Fishwife sells its three-pack of “Wild-Caught Smoked Albacore Tuna” for $27 on its website, where there's an implication that consumers are paying for quality and sustainability—the product description includes phrases such as “each fish is caught by one fishing pole, one at a time, to minimize bycatch and maximize quality control,” and “hand-packed, and canned in British Columbia.”
A three-pack of Bumble Bee “chunk light tuna in water,” for comparison, doesn't come with any of those upscale descriptors—but it's also only $3 and change from Walmart.
Fishwife started experimenting with paid marketing in July 2022. During the experimental phase, it was spending around $2,000 per month on Google Shopping and Facebook, Millstein said.
Paid spend is “extremely insignificant in terms of where our customer acquisition comes from,” Millstein said, although she did not share exact figures. But spending could grow as Fishwife’s sales targets evolve, Millstein said.

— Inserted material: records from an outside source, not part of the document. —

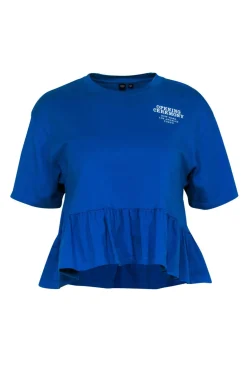 Opening Ceremony - Blue Short Sleeve Peplum Tee w/ Front & Back Logo Graphics Sz S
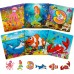 Toytexx Wooden Jigsaw Puzzles, 6 Pack Ocean Puzzles for Toddlers Kids 3 Years Old Educational Toys for Boys and Girls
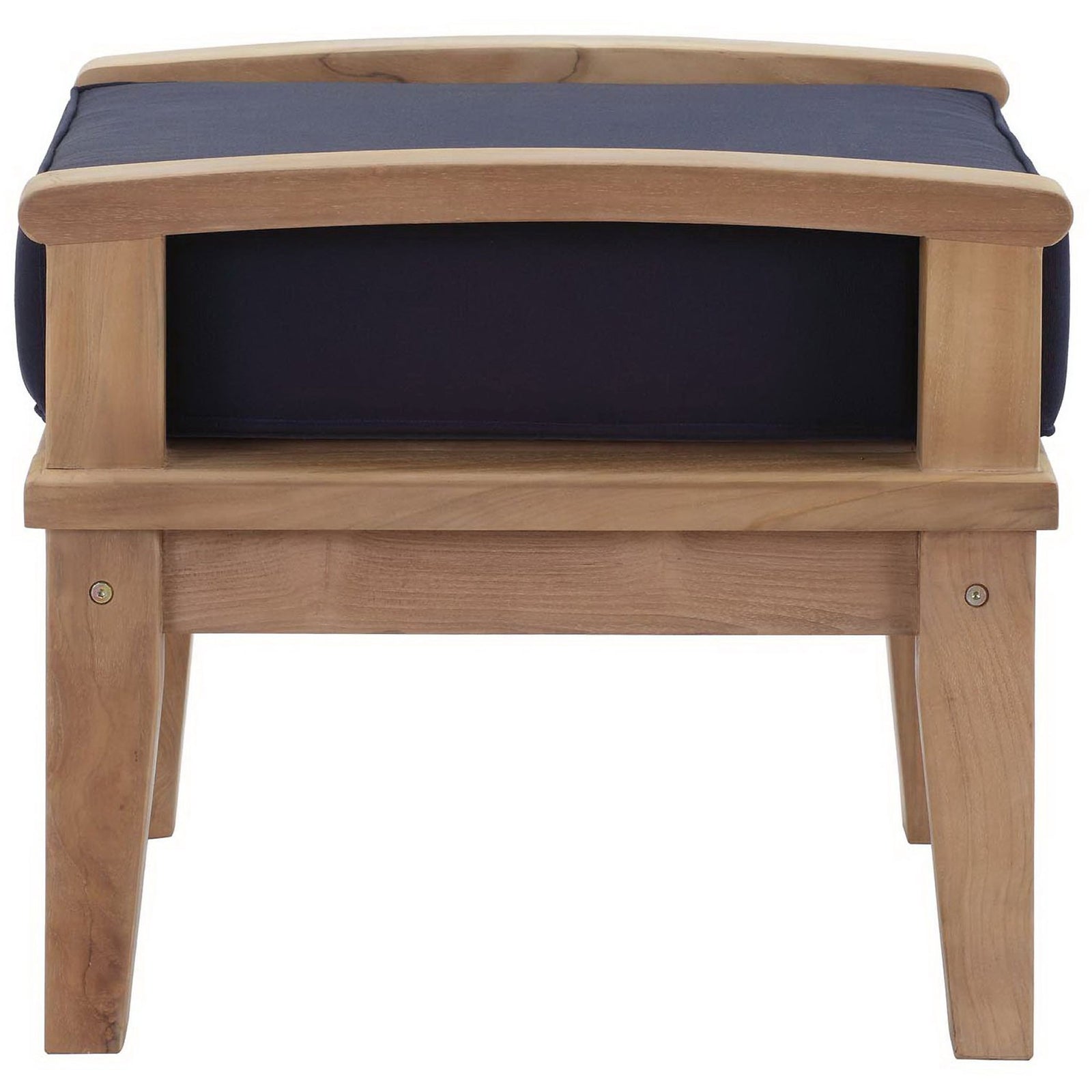 Compact teak patio ottoman with deep navy cushion and smooth wood frame. || EEI-1152-NAT-NAV-SET || side_studio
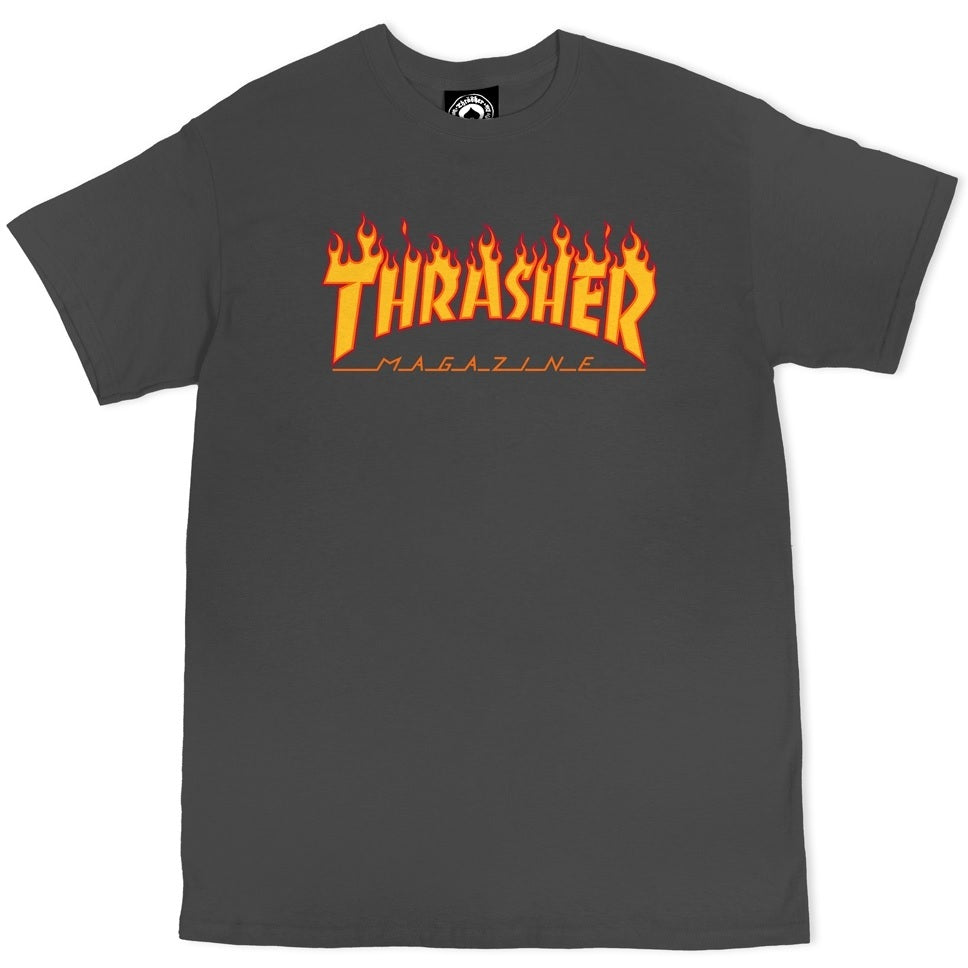 T-shirt THRASHER Flame - GRIGIO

“Not to brag, but we basically did 2X higher than we had projected for our highest projection for Q4. So we were already working very, very hard on the operational side to keep up with the demand that we were getting during the holiday season. We could have invested more, but there was no need,” Millstein said.
What the experts say
Kendall Dickieson, the founder of Flexible Creative who has worked with other DTC brands in Whole Foods such as Graza, said Fishwife had “a whole lot” to do with the tinned fish category’s recent uptick in popularity. Fishwife has loyal followers who would make a journey to Whole Foods just because the brand is there, Dickieson said.
That’s partly because Fishwife “stays close” to its customers through “surveys that are so overlooked by so many brands,” said Grace Clarke, who founded GGC Consulting and has also worked on brands such as Graza.
“They phrase their [survey] questions in such a way that they actually get real qualitative answers. … They truly want to understand what is motivating their customer deep down,” she continued. Additionally, “DTC brands on the shelf actually elevate existing categories that are slowing down,” Clarke explained.
People going to the canned fish aisle specifically to buy Fishwife probably haven’t visited that section ever before, so there’s potential to increase cart value for that whole section—as well as actually move foot traffic around a store, which could bolster other categories too, per Clarke.
“I think they also understand that the people who are in their community don’t need to be a buyer just yet,” Clarke added.
Fishwife will continue expanding into more Whole Foods regions as the year goes on. The next rollout, according to Millstein, will be Northern California this summer. It will also use the Whole Foods marketing engine for ad support such as in-store signage and on-premise events.
For instance, Fishwife and Whole Foods are planning to host a Whole Foods event at a still-to-be-determined Southern California location.
“It’s going to be a huge anchovy-centric bash,” she explained—and what could be more Fishwife than that?